For its first arts festival, running April 1 through 8, The New School turned to what is perhaps the most influential film genre of all time: noir. “The Arts Festival reflects the range of artistic and intellectual activity at The New School,” says New School President David E. Van Zandt. “What better theme to launch this first event than noir—a genre that has influenced a number of the arts, from music to literature, film and the fine and graphic arts.” And what other worldview from the Golden Age of Hollywood still resonates as much as the morally ambiguous men and women that populate films like Out of the Past and The Maltese Falcon?

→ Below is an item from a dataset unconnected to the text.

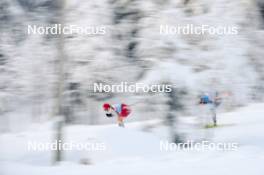 26.11.2023, Ruka, Finland (FIN): Nadine Faehndrich (SUI), Rebecca Immonen (FIN), (l-r)  - FIS world cup cross-country, mass, Ruka (FIN). www.nordicfocus.com. © Modica/NordicFocus. Every downloaded picture is fee-liable.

In addition to the usual cinematic suspects (Sunset Boulevard and Mulholland Drive are both playing at the IFC Center as part of the Student-Run Film Noir Screening), The New School has wisely assembled a collection of film theorists and filmmakers to add new viewpoints. Among them are Todd Haynes, on hand to discuss his HBO miniseries Mildred Pierce, which bypassed the noir film adaptation starring Joan Crawford to create a more faithful version of the original 1941 James M. Cain novel; film critic Molly Haskell, delivering a paper on the noir female archetypes (since Haskell revitalized theories of womens’ portrayal in classic Hollywood films with her 1973 book From Reverence to Rape: The Treatment of Women in the Movies, this is a must-see for serious film buffs); and Frances McDormand, on hand to discuss her role in the Coen Brothers’ modern noir, Blood Simple.
But The New School also spreads its focus to mediums other than film. Robert Polito, poet and director of the New School Writing Program, will be reading poetry and fiction with fellow writers Mary Gaitskill and Robert Pinsky, set to improvised jazz from musicians Ben Allison, Frank Kimbrough and Rudy Royston. Students and alumni of Eugene Lang College will perform a 60-minute adaptation of the Jacobean play The White Devil, “in which Noir meets Steampunk.” And, as part of Noir Now, video excerpts will screen of a new opera by Paul Moravec and Terry Teachout, based on the classic play and film The Letter.
Noir is, however, best known as a cinematic experience, and The Arts Festival doesn’t stint on movies. In addition to a “Noir Film Orgy,” a day-long marathon of classics and student-made noir shorts, cult filmmaker Guy Maddin will be on hand to introduce his Hauntings, short adaptations of lost movies by great directors that Maddin has recreated based on plot synopses he found in old issues of Variety. So dust off your fedoras and grab a pack of unfiltered cigarettes, because The New School is bringing noir out of the shadows for a week that promises to shed new light on one of the most enduring genres of all time.